The first company to launch CFDs for retail clients was GNI, which created an online trading system called GNI Touch that traders can trade without having direct access to the London Stock Exchange.。GNI was subsequently acquired by MF Global in October 2002, becoming a world leader in futures and CFD trading.。
It wasn't until the late 1990s and early 2000s that CFDs really became mainstream in the European market, and soon after that, other countries opened their doors to that market.。
CFDs break out in Australian market
In 2002, CFDs entered the Australian market through CFDs broker IG Markets and were closely watched by CMC Markets.。When CMC Markets first introduced CFDs, the product was called dealforfree.Com。
Since CFDs are unheard of, not many traders believe that such a magical product exists。
When CMC Markets first launched in Australia, you were able to trade the top 200 shares of the Australian Stock Exchange on 5% margin (20x leverage) without brokerage commissions, and the benefits were incredible.。
Access to global markets
Opening a CFD account gives you access to many world markets, including:
|
|
|
|
|
|
|
|
|
|
|
|
|
|
|
|
|
|
|
|
|
|
|
|
|
|
Click the mouse to enter the global market
As the Internet reaches homes around the world, CFD trading becomes easier and truly amazing。As more baby boomers approach retirement and seek additional sources of income, CFD trading will continue to be a cost-effective option for many years to come.。
ASX-regulated contracts for differences
In Australia, the CFD market is largely unregulated, however, the ASX (Australian Securities Exchange) launched its own CFD exchange in November 2007, providing participants with additional protection from listing on the exchange.。

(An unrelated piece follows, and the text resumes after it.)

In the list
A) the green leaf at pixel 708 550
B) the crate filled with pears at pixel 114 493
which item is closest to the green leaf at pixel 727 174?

However, due to liquidity reasons and, in some cases, the increase in bid-ask spreads, the product has not attracted much interest from CFD traders。Currently, the market is booming and more and more traders are investing in it.
·Original
Disclaimer: The views in this article are from the original Creator and do not represent the views or position of Hawk Insight. The content of the article is for reference, communication and learning only, and does not constitute investment advice. If it involves copyright issues, please contact us for deletion.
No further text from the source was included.